(Source records Opens)

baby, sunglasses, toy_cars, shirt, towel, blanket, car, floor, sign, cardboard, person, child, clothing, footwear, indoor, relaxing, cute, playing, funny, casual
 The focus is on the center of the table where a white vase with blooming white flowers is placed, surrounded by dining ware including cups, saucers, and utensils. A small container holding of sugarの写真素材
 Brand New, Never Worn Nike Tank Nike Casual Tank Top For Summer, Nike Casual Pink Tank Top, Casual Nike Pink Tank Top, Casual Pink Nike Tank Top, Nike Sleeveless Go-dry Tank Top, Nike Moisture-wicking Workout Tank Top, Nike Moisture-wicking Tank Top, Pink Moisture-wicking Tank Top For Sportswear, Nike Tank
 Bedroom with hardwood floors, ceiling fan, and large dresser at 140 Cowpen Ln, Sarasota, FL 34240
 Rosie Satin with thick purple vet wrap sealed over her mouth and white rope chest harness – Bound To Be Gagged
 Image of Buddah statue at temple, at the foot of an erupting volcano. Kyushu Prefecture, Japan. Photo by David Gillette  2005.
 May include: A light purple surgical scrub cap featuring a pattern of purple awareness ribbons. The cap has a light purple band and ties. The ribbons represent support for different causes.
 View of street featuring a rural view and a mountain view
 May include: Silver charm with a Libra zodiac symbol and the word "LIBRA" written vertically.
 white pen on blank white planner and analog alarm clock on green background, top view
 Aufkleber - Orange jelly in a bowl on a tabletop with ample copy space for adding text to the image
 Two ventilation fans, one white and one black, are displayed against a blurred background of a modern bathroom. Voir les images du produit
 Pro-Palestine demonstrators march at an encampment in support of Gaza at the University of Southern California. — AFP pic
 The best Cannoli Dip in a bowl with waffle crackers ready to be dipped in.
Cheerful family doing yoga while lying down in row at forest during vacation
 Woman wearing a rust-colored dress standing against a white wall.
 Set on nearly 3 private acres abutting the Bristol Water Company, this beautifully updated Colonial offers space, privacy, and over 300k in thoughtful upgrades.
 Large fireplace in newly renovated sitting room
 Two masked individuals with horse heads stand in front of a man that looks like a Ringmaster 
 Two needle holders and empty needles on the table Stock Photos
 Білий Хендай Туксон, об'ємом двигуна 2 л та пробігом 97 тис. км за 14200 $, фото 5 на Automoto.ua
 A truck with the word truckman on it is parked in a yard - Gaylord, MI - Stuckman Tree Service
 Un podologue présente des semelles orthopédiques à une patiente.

(Source records Closes)

§ **Instructions for the task**
Wherever a line of the data holds "purple", copy that line.

§ **Result of this exercise**
 Rosie Satin with thick purple vet wrap sealed over her mouth and white rope chest harness – Bound To Be Gagged
 May include: A light purple surgical scrub cap featuring a pattern of purple awareness ribbons. The cap has a light purple band and ties. The ribbons represent support for different causes.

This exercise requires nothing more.